# Increase your Orchestra Mixing Skills with 23 free Audio Tracks



## Beat Kaufmann (Aug 30, 2015)

Hi all

Download *23 stereo audio files *(wav)*, 44,1kHz / 24 Bit* of J.S. Bach's Cantata BWV11 (Final Chorus) for practicing your audio mixing skills. All instruments are played with VSL-Libraries.

*The stereo files are for free!*


This will probably be the arrangement within your DAW for a good start. The colours have to do with the chosen depths for my mix - I used 4 of them.
This is the Link for download the audio files: http://www.beat-kaufmann.com/files/index.php
This Virtual Stage I used as "model" http://www.beat-kaufmann.com/downloads/bwv_11_final-mix.mp3 (for my current mix) (mp3) with the upper files.

Have fun!

Beat


----------



## wst3 (Aug 30, 2015)

very generous... I'm downloading now, and looking forward to the challenge!

Thanks!!


----------



## SergeD (Aug 30, 2015)

Your website is a piece of art. Very well done.


----------



## Steve Martin (Aug 30, 2015)

Amazing mix Beat. I wish I could get my mixes sounding as good as that! Can you please tell me what software you are using for reverb, and spatial positioning? Sounds so nice and clean and clear. Fantastic, amazing as always Beat 
Thanks so much for sharing.
Steve


----------



## WhiteNoiz (Aug 31, 2015)

Here's mine, if anyone's interested:
https://mega.nz/#!hIoniKpC!pD6NlWhEJY9ho9wD5tnQMdv-iEJZI81I5U0DEBMhED0


----------



## Beat Kaufmann (Sep 1, 2015)

Beat Kaufmann said:


> Hi all
> Download *23 stereo audio files *(wav)*, 44,1kHz / 24 Bit* of J.S. Bach's Cantata BWV11 (Final Chorus) for practicing your audio mixing skills. All instruments are played with VSL-Libraries.

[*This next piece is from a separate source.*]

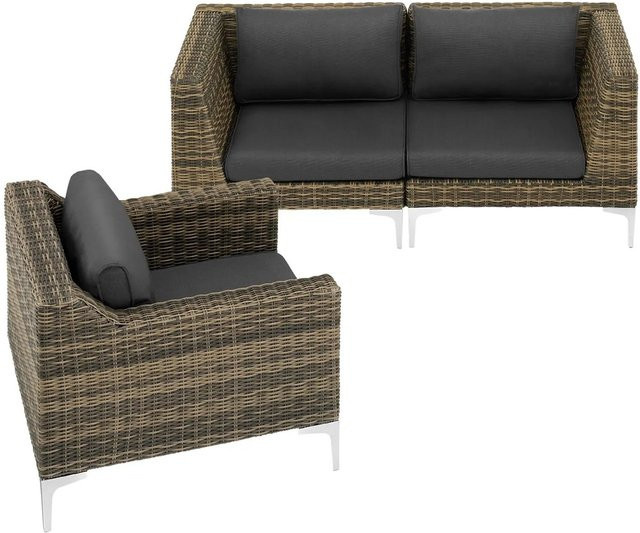 tectake Modulares Aluminium Rattanset Villanova in Anthrazit mit Polstern, wetterfest und UV-beständig, B/T/H: 263 x 89 x 72 cm - Bild 2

*Sorry, the Download-Link for the files was broken.* 
*Just repaired it. It works now.*
http://www.beat-kaufmann.com/files/index.php

All the best
Beat


----------



## Beat Kaufmann (Sep 1, 2015)

Steve Martin said:


> Amazing mix Beat. I wish I could get my mixes sounding as good as that! Can you please tell me what software you are using for reverb, and spatial positioning? Sounds so nice and clean and clear. Fantastic, amazing as always Beat
> Thanks so much for sharing.
> Steve



Hi Steve
Nice to meet you here!
VSL's Convolution Reverb (with a prepared IR) for the distances and Breeze for a Tail over all.
You will be able to get every single detail of this piece (mix) and all of them of a mix from an even lager Orchetstra by the end of the year...
Read here: http://www.beat-kaufmann.com/

All the best to Down Under
Beat


----------



## Steve Martin (Sep 1, 2015)

Hi there Beat.

always great to hear from you - Well, that's good news - I already have the VSL convolution reverb, so that's a bonus!
I'll definitely be buying the tutorial, and I'll check out the Breeze reverb. Really looking forward to the the end of the year for your tutorial. 

all the best from down under 

Steve


----------



## Beat Kaufmann (Sep 5, 2015)

SergeD said:


> Your website is a piece of art. Very well done.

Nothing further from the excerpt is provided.